Further to 'foram' it's interesting in the wake of President Trumps withdrawal from the Kyoto Agreement that a news bulleting about coral reefs dying worldwide has appeared on the Al Jazeera network in Australia this morning - complete with heart tugging segments of local fishermen.
Iocc @16 , on the contrary , a large conference of coral reef experts (gathering in Hawaii) in mid-2016 expressed grave concern about the fate of coral reefs worldwide. And individual reef experts have been pointing to the impending destruction of coral reefs, for many years now.
All this was well before Mr Trump was anybody worth paying attention to.
The by-now unavoidable death of coral reefs is merely a part (but a spectacularly obvious part) of the corner that we have painted ourselves into, regarding the slow-building crisis of global warming.
iocc @16, do you have a link. The most recent Al Jazeera article on coral I can find is from May 7th.

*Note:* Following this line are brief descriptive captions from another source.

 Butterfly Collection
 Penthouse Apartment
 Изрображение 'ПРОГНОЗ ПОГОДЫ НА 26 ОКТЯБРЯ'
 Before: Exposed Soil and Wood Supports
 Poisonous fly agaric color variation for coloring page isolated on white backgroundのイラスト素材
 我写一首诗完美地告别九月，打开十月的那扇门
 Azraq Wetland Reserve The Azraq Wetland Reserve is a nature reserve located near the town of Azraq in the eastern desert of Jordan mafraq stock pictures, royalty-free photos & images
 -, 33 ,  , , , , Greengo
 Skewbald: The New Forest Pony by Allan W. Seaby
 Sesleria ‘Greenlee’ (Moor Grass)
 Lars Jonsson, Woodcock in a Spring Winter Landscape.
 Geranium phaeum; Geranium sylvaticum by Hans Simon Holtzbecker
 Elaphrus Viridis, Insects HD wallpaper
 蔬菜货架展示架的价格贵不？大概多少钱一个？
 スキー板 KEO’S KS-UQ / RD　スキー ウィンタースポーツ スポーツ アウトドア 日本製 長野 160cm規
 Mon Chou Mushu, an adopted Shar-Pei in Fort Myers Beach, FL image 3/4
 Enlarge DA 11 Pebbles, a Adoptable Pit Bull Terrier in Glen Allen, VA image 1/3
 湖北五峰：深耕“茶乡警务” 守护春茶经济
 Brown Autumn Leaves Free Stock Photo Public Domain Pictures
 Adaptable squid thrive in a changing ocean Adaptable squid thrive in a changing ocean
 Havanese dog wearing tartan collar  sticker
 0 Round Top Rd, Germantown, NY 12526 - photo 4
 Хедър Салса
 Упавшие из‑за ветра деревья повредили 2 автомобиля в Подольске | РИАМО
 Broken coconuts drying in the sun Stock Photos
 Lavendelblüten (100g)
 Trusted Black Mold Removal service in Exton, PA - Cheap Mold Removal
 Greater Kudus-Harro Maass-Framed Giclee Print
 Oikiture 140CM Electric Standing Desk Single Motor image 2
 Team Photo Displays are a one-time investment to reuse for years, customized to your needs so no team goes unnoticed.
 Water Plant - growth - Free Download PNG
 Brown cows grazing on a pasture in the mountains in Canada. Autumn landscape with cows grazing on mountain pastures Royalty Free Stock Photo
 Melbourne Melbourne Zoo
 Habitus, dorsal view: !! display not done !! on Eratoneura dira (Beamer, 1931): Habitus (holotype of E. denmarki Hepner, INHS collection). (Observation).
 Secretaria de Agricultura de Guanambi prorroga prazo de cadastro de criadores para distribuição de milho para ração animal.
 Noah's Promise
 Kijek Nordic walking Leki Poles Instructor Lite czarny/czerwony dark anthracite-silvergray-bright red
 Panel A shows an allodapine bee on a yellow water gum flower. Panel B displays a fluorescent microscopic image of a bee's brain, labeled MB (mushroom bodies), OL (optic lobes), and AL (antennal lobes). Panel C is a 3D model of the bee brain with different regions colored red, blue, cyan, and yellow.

I really can't think of a worse spokesman for a scientific cause than a politician.
Scott0119, you're getting it wrong. The scientific cause does not need any spokesman. There is no scientific "cause." The science is what it is. The weight of the evidence is what it is and anyone who can think who looks at the evidence will see the direction where it points. Attacks on the science are nothing but pitiful hogwash and that becomes evident after ony a few hours of researcing the subject. We're talking scientific evidence here, not courthouse BS.
Only those with unsolvable cognitive dissonance or an overwhelming emotional attachment to ideology can fail to see the reality. These people can not be convinced, no matter how hard reality will hit them on the head, because having their belief system fail is more threatening emotionally than any adverse consequence of holding said belief system.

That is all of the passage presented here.